大野晋と石光真清

大野晋が死んだ。タミル語起源説では、批判に対してもちゃんと答えようとしていたし、誠実な人ではあるが、信用できないウィキペディアを覗いたら、この人が学界の異端であることが分かっていない人が編集したみたいだった。国語学界での大野晋といえば、一般向け新書をベストセラーにしたり、タミル語トンデモ説を唱えたり、丸谷才一との対談本で賞を貰ったりする単なる通俗学者でしかないのだよね。だから学士院会員でもないし、文化功労者ですらないし、大仏次郎賞も朝日賞もとっていない。もちろん、これらをとっていない優れた学者、あるいはとっているがインチキ学者というのはいるが、大野の場合は、まともな業績がないからとっていないだけだろう。しかし、『光る源氏の物語』って、従来の説を紹介しつつ駄弁を弄したつまらない本だったけど。

 こないだの『考える人』で、石光真清の手記を紹介していた人がいた。中公文庫に入っている『城下の人』から『誰のために』まで四冊は、私も二十年くらい前に読んだ。呉智英さんが勧めていたからだ。しかし、どうも面白くなかった。ブラゴヴェヒチェンスクでの虐殺のあたりは、記録として意味があるのだが、全体として、面白い自伝という感じがしない。

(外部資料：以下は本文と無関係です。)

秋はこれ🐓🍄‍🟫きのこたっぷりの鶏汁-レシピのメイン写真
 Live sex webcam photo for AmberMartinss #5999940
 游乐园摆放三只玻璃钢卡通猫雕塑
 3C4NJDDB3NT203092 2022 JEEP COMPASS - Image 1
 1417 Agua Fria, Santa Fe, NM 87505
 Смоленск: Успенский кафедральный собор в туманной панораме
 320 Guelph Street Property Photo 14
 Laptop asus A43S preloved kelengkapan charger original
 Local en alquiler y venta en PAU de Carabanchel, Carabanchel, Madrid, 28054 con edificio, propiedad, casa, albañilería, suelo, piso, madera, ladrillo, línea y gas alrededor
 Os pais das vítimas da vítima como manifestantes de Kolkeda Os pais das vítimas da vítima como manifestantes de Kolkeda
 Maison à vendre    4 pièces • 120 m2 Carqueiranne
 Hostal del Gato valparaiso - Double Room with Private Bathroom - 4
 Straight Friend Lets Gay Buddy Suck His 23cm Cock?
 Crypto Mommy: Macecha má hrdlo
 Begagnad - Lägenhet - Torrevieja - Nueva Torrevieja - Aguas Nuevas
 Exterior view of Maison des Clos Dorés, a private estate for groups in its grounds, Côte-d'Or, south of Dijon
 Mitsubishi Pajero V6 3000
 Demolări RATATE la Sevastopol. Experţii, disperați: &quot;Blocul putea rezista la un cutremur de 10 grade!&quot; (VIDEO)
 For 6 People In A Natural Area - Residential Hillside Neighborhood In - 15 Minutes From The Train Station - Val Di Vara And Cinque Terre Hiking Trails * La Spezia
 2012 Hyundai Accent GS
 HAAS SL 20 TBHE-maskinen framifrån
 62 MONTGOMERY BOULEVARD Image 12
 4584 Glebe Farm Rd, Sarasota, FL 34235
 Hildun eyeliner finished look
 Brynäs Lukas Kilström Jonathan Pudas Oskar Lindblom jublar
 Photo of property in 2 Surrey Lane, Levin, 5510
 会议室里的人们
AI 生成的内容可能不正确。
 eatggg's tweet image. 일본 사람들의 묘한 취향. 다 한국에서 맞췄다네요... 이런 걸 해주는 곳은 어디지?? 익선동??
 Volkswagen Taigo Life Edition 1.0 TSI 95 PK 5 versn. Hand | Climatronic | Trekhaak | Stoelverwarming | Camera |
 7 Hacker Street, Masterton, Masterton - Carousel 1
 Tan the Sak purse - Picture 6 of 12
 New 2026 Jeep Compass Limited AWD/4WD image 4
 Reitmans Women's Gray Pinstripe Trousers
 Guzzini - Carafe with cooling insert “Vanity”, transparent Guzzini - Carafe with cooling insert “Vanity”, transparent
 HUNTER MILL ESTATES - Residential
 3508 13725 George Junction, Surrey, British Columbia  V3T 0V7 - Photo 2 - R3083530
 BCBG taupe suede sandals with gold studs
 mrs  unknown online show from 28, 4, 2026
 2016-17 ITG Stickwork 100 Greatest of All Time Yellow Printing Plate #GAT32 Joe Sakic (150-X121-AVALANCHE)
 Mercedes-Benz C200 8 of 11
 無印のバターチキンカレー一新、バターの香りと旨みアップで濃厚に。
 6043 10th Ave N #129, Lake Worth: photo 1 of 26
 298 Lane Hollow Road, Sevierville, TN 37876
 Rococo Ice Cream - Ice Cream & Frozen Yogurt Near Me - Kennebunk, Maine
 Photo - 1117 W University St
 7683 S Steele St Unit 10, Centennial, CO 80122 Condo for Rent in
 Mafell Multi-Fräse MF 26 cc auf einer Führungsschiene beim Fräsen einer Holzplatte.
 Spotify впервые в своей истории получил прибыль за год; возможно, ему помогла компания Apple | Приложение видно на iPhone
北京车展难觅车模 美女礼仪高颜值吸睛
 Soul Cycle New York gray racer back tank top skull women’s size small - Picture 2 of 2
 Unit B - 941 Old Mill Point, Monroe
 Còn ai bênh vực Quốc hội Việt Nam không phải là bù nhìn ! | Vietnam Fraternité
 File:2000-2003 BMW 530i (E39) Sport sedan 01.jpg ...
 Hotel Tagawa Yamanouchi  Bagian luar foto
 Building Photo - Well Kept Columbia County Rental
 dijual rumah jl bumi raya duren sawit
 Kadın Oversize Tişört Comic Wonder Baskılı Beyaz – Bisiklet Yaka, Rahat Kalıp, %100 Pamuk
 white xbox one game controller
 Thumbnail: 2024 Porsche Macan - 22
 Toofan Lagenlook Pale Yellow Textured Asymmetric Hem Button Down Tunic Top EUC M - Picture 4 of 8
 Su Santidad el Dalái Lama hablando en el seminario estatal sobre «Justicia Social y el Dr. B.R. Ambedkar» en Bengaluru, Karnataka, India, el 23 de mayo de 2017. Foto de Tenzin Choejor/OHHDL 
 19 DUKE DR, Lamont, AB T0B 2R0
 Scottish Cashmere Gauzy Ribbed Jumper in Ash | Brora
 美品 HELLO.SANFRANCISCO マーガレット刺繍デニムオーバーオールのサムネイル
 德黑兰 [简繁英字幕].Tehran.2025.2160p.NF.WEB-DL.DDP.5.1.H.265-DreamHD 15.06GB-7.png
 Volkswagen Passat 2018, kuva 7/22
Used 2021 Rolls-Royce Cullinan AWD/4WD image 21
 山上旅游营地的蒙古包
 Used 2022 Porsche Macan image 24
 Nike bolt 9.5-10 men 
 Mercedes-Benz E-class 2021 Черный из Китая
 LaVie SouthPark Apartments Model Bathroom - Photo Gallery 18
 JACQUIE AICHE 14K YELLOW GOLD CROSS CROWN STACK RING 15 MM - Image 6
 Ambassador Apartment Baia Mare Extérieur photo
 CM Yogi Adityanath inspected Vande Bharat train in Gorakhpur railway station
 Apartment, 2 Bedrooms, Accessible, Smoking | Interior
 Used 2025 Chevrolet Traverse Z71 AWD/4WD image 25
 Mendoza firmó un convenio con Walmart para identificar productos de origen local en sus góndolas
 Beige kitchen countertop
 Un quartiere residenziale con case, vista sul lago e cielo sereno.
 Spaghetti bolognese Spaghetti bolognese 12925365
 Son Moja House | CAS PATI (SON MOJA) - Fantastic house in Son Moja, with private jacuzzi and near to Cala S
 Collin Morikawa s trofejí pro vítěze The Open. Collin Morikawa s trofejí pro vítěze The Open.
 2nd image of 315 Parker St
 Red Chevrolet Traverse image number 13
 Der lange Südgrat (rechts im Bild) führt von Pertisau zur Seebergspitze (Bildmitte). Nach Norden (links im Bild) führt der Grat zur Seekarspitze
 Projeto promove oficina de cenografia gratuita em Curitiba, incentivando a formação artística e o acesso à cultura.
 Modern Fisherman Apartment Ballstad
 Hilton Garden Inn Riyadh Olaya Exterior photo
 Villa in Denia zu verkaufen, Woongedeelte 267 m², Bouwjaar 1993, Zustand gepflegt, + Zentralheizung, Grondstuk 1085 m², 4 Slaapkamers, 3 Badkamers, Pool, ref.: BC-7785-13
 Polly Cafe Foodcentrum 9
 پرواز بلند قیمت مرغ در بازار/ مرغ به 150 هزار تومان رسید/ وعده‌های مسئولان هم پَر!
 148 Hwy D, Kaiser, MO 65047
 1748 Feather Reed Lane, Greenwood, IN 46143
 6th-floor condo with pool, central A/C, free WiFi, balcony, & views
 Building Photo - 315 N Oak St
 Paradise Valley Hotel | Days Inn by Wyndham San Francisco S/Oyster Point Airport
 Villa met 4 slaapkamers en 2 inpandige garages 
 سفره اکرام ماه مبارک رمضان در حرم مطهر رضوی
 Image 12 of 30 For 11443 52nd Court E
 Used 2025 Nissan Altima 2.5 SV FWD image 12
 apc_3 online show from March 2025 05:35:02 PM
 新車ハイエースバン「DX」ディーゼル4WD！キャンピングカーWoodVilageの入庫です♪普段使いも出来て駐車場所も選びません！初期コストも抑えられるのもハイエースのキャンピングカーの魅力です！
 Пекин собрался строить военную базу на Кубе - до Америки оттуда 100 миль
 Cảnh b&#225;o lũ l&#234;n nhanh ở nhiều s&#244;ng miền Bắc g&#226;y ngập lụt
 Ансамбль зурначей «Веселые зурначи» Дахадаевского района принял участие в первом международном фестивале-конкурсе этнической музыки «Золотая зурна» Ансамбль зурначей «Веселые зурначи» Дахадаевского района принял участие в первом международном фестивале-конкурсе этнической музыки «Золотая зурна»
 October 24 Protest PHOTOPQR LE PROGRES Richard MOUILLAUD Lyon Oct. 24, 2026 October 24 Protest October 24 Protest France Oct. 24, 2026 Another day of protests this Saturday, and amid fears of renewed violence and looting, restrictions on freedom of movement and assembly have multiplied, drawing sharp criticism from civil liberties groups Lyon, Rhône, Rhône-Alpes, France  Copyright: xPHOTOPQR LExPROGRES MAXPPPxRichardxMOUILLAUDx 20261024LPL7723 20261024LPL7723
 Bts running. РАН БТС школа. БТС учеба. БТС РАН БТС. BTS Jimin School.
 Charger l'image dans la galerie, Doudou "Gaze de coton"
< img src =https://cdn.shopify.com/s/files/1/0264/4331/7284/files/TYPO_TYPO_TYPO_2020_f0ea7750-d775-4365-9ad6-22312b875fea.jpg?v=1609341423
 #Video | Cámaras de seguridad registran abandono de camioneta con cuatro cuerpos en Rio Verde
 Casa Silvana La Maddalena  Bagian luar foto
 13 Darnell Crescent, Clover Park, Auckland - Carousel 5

一つには、真清の手記を、子供の真人が現代語に書き直しているため、古いものの味わいが出ていないせいもあるのだが、もう一つは、呉さんが「近代の暗部」というような紹介をしていて、これを原作の一つとして、大河ドラマ獅子の時代』が作られたのだが、何しろその当時から、近代といえば諸悪の根源みたいに言う連中がどしゃどしゃ出てきたので、「近代の暗部」と言われても、うーんよくある話だよねえ、としか思わないのである。
 こういうことはほかにもあって、1950年頃に、スターリンやら中共やらを批判した文章を読むと、へえずいぶん遠慮して書いているなあと思うし、1970年頃に北朝鮮を批判した本を今読んでも、当たり前じゃん、としか思わないだろう。